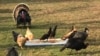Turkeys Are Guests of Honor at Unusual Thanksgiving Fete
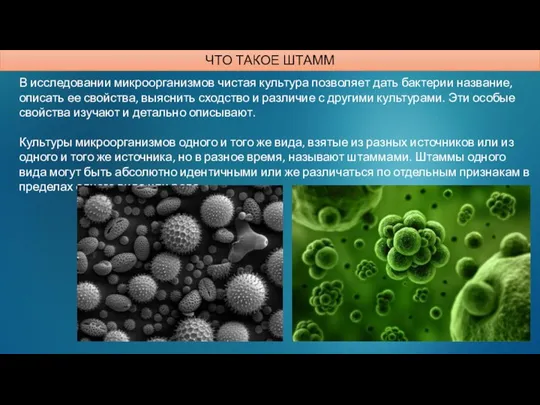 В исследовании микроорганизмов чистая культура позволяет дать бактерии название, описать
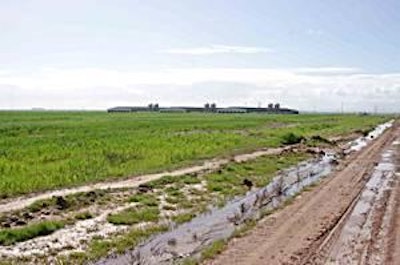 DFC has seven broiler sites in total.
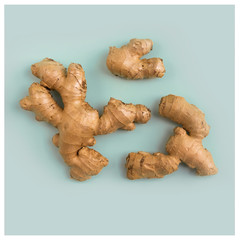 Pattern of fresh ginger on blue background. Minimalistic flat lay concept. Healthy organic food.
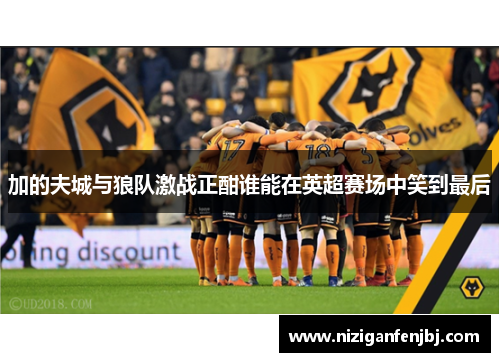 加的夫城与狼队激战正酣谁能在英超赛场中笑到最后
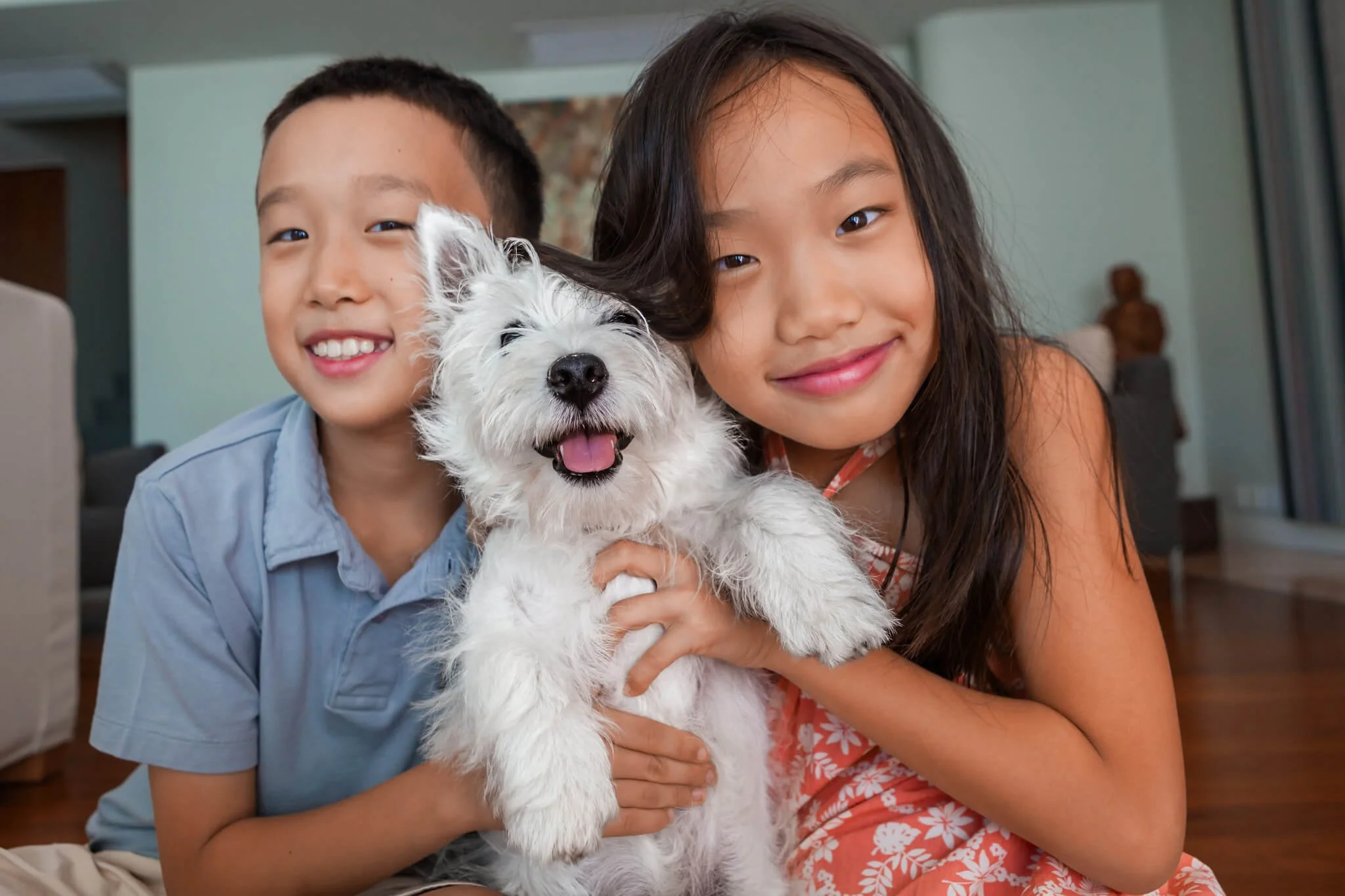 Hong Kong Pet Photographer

Your objective: Could the entries above be retyped exactly, with the pictures left out?

Response to the task:
Turkeys Are Guests of Honor at Unusual Thanksgiving Fete
 В исследовании микроорганизмов чистая культура позволяет дать бактерии название, описать
 DFC has seven broiler sites in total.
 Pattern of fresh ginger on blue background. Minimalistic flat lay concept. Healthy organic food.
 加的夫城与狼队激战正酣谁能在英超赛场中笑到最后
 Hong Kong Pet Photographer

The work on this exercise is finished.